For the entries that follow, retype exactly the lines from the one containing "Hydraulic Tipping Dump" to the one containing "Weaver Leather Turquoise", inclusive, and only those. Images stay out of the copy.
Start of Information
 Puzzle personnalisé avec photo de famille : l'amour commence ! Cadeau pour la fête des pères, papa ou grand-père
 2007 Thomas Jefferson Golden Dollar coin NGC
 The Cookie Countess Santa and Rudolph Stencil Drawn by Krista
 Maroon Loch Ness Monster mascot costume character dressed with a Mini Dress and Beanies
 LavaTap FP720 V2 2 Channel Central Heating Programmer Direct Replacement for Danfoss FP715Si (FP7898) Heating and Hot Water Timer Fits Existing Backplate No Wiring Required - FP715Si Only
End of Information
Start of Information
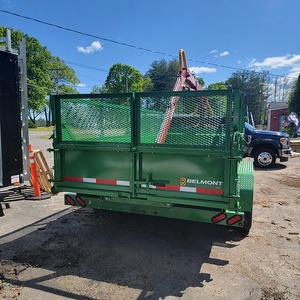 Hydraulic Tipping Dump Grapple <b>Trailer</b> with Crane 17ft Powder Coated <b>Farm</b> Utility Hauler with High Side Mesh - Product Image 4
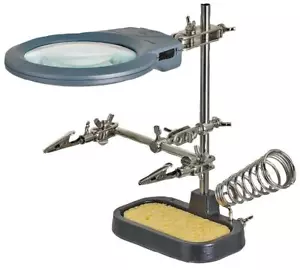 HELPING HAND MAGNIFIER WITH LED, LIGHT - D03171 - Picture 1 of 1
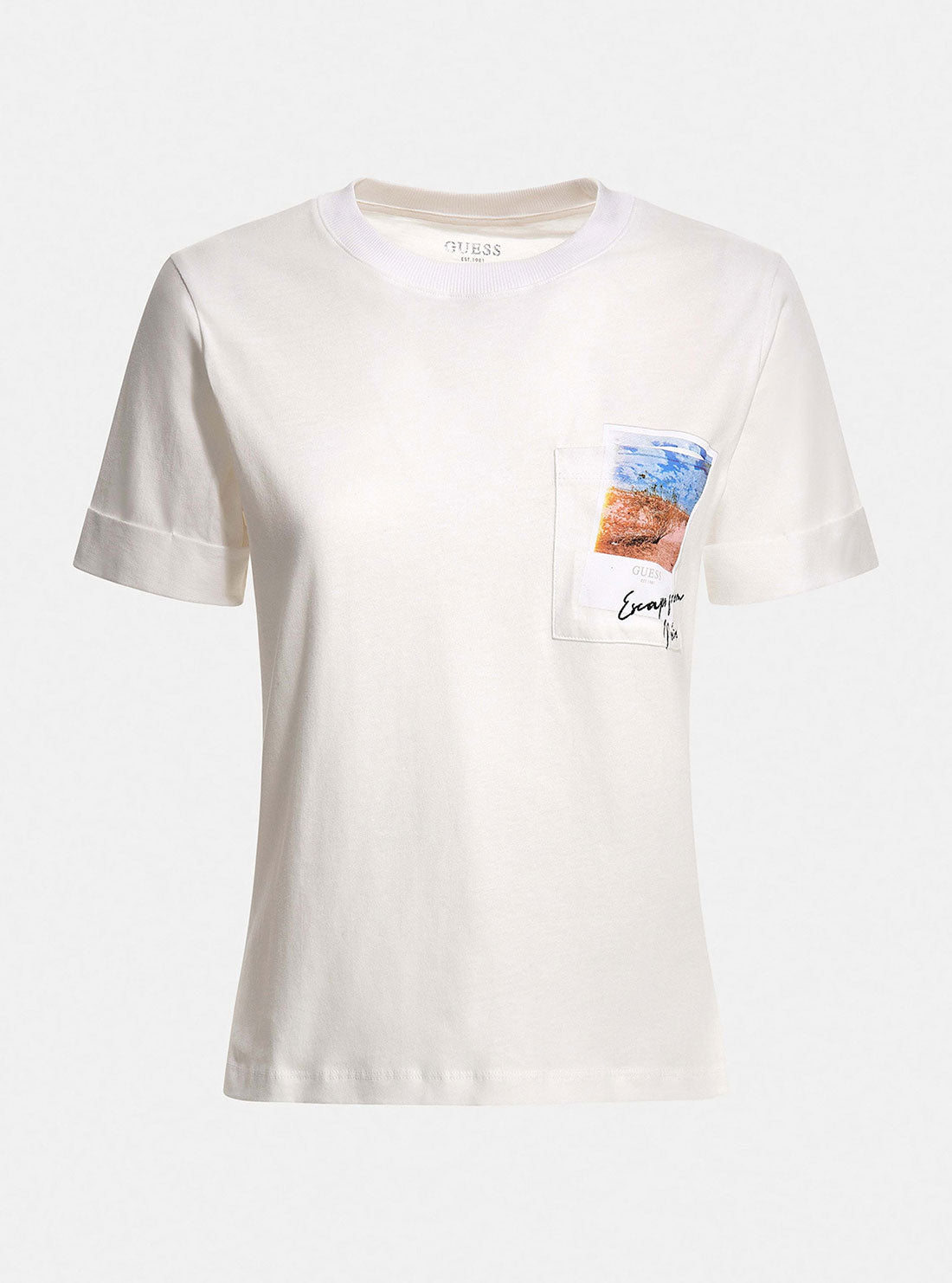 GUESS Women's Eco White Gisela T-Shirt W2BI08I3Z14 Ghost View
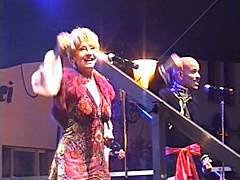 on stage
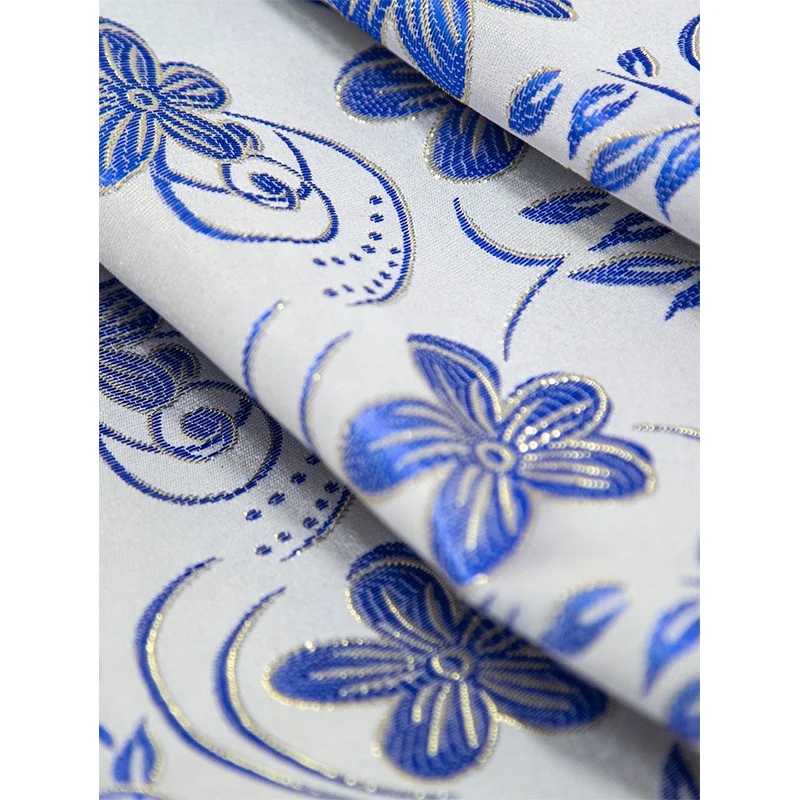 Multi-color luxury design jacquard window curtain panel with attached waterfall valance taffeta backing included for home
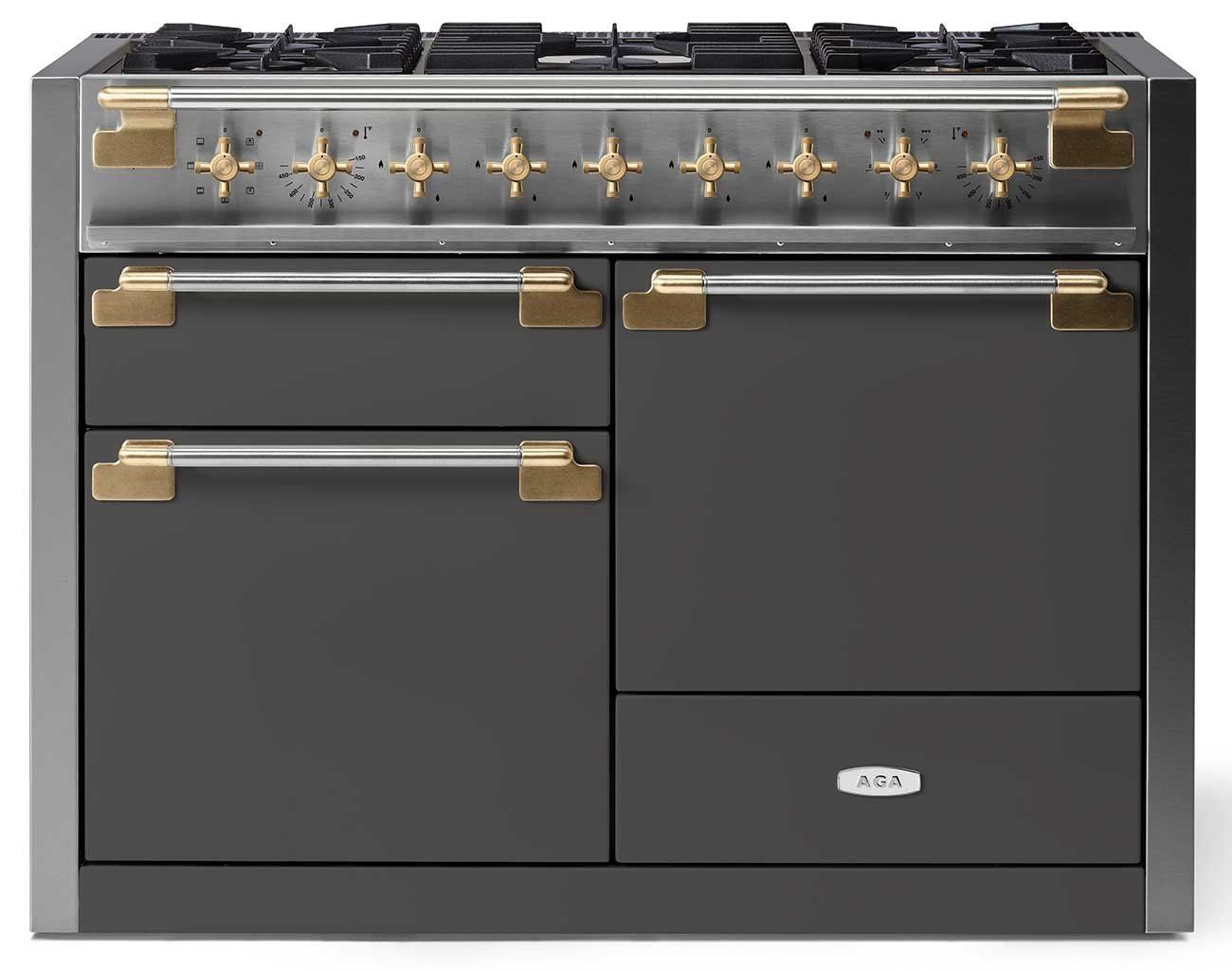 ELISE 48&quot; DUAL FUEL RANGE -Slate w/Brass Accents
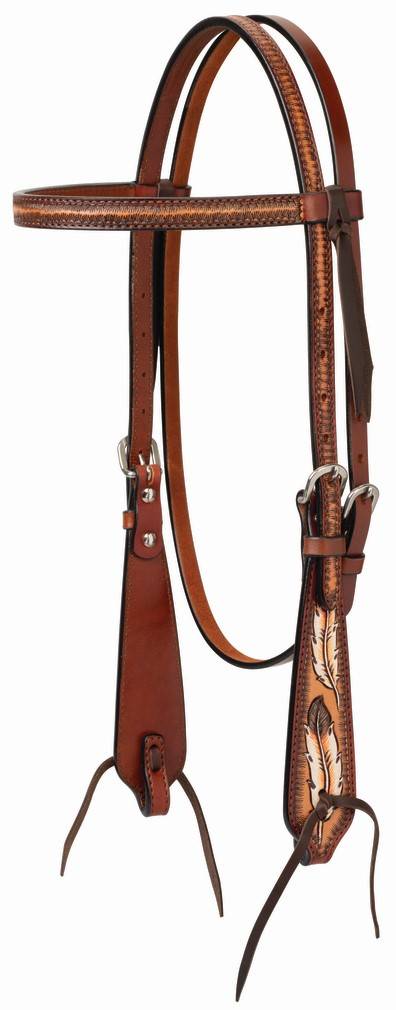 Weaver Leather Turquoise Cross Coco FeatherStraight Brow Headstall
End of Information
-- Answer box --
 Hydraulic Tipping Dump Grapple <b>Trailer</b> with Crane 17ft Powder Coated <b>Farm</b> Utility Hauler with High Side Mesh - Product Image 4
 HELPING HAND MAGNIFIER WITH LED, LIGHT - D03171 - Picture 1 of 1
 GUESS Women's Eco White Gisela T-Shirt W2BI08I3Z14 Ghost View
 on stage
 Multi-color luxury design jacquard window curtain panel with attached waterfall valance taffeta backing included for home
 ELISE 48&quot; DUAL FUEL RANGE -Slate w/Brass Accents
 Weaver Leather Turquoise Cross Coco FeatherStraight Brow Headstall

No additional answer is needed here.